小澤選手は、3回戦の九州産業大学(福岡六大学野球連盟)戦でも好走塁を見せており、試合後のインタビューで「(母校の特徴でもある)走塁は守備と共に自信を持っている」と話していた。母校・健康福祉大高崎高が標榜する ”機動破壊野球” が、大学野球の檜舞台でも威力を発揮した早稲田大学が遂に均衡を破ると、三塁側応援団の ”紺碧の空” 大合唱と共に流れが一気に早稲田大学に傾いていった。
長身左腕が流れを渡さない
無死三塁と意気上がる早稲田大学に対し、青山学院大学の安藤 寧則監督は迷わず189cmの長身左腕・ヴァデルナ フェルガス投手をマウンドに送る。最速146km/hの直球とキレのあるスライダーを武器に、青山学院大学のセットアッパーとして大車輪の活躍を見せている投手だ。
ピンチの場面でも落ち着いたマウンドさばきを見せるヴァデルナ投手は、後続を連続三振に切って取るなどの好投でベンチの期待に応える。
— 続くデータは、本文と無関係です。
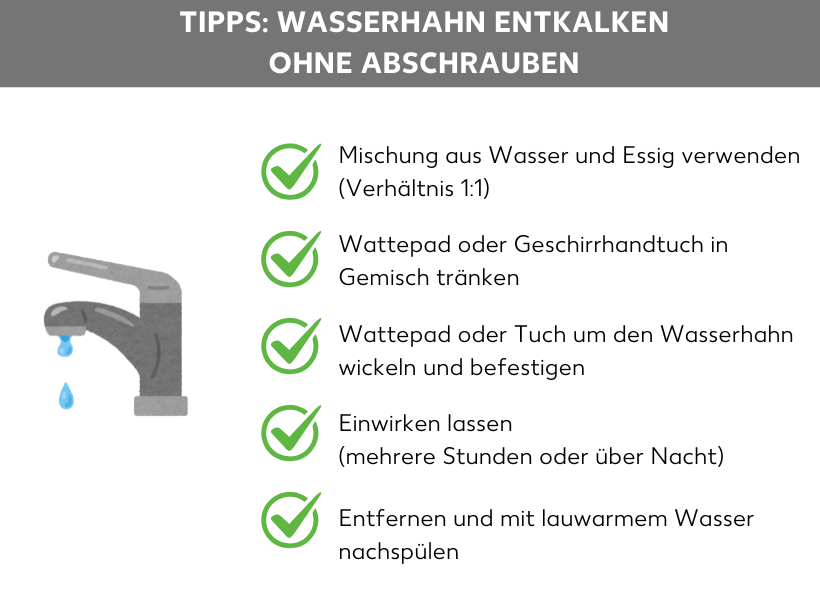 Infografik: Tipps: Wasserhahn entkalken ohne Abschrauben, ein Wasserhahn, daneben folgende Punkte: Mischung aus Wasser und Essig verwenden im Verhältnis 1, Wattepad oder Geschirrhandtuch in Gemisch tränken, Wattepad oder Tuch um den Wasserhahn wickeln und befestigen, Einwirken lassen über mehrere Stunden oder über Nacht, entfernen und mit lauwarmem Wasser nachspülen.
早稲田大学が1点を先制したものの、試合の流れをつかみきれずにこの回の攻撃を終えることになった。
東都を制した集中力で一気呵成の逆転劇
「入替え戦がある厳しいリーグで戦う青山学院には、1点を取らせないことへの執念を感じた。」と、試合後に小宮山監督は追加点の好機を防いだ青山学院大学の集中力を評した。
その青山学院大学の集中力が、ピンチを脱した直ぐの攻撃で一気呵成の逆転劇を演じることになる。
5回表の先頭・松本 龍哉(岩手・盛岡大学附属高)が打ち上げた打球は、ショートの名手・山縣 秀(東京・早大学院高)とセンター・尾瀬選手の間に。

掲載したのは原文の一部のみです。